DICTAMEN
CARTA AL NIÑO JESÚS
Querido niño Jesús, te escribo nuevamente luego de muchos años y, créeme, esta vez no te pediré una bicicleta. Ahora la encomienda es mayor, pero también es mayor la fe con la que me atrevo a solicitar tu divina ayuda. No te voy a pedir que nos traigas la democracia y la libertad que tanto anhelamos por estas tierras. Eso nos tocará a nosotros conseguirlo. Pero sí te pido para esta navidad dos regalos que solo tu bondad infinita puede darnos. Esta vez te pido niño Jesús, tolerancia y convivencia para mi país.
Tolerancia que sustituya la soberbia de quienes hoy abusan de su poder para oprimir a sus prójimos que piensan distinto. Tolerancia para que la opinión y la libertad de conciencia dejen de ser un delito y se conviertan en derechos inviolables. Tolerancia para que el libre albedrío que tu Padre nos otorga, no nos los arrebate un mortal que juega a ser dios en la tierra. Tolerancia que impida que los caprichos de un hombre se conviertan en ley divina y que evite la guerra entre hermanos a la que estamos siendo convocados.
Convivencia para reconocernos y reencontrarnos como hermanos. Convivencia pacífica para vivir en armonía y progresar juntos. Convivencia basada en la igualdad de los hombres para evitar la tiranía. Convivencia sin odios ni rencores, donde todos tengamos los mismos derechos.

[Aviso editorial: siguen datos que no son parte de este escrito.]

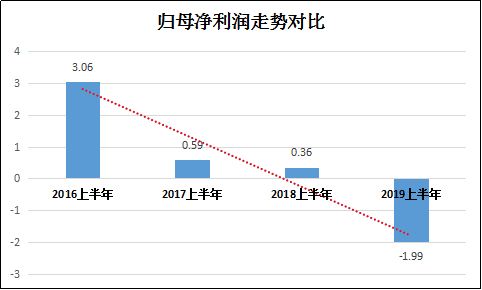 兴化近几年GDP_这几年兴化的变化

Verás niño Jesús, en nuestras cárceles hoy no están quienes, incumpliendo las leyes de tu Padre y contradiciendo tu ejemplo, mataron, secuestraron y robaron al prójimo. Según la ley revolucionaria que nos oprime, el pecado mortal no es delito, al contrario, a veces es un deber patriótico como lo pueden sostener los “pistoleros de Llaguno”, o cualquier golpista que se manchó las manos de sangre aquel 4 de febrero. Aquí lo condenable es contradecir a esa especie de Herodes moderno que nos gobierna. Aquí las cárceles se llenan, no de delincuentes, sino de periodistas, políticos, estudiantes y obreros que han cometido el sacrilegio de no decirle “amén” al emperador de turno. Y lo peor de todo niño Jesús, es que ellos también secuestraron tu imagen para colocarla en ese altar revolucionario junto a asesinos de la talla del “Che Guevara”.

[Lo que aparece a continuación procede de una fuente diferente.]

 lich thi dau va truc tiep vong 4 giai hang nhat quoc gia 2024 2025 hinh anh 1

Por eso recurro a ti para pedirte la tolerancia y la convivencia que hemos perdido y que necesitamos recuperar para salvar la patria. Nada más propicio que la navidad para invocar este tema. Tú cuando fuiste hombre y viviste entre nosotros para salvarnos, solo usaste tu palabra y a pesar de tener el poder de Dios, nunca impusiste tu verdad sobre aquellos que no convenciste. Por el contrario, tú fuiste victima de la intolerancia humana y fuiste crucificado por los poderosos de turno simplemente por expresar tu verdad. Esa es justamente la fuerza de tu ejemplo. Tú representas todas las virtudes, pero sobretodo la virtud de la tolerancia. Igualmente tú fuiste víctima de todos los pecados del hombre, pero sobretodo del pecado de la intolerancia.
No permitas que nos sigan “crucificando” por expresar nuestra verdad. Ahora que vuelves a nacer como lo haces cada año, báñanos de la tolerancia que predicaste y encarnaste hace dos milenios, y sálvanos del poder que insiste en imponer su ley arbitraria con la única legitimidad de la violencia.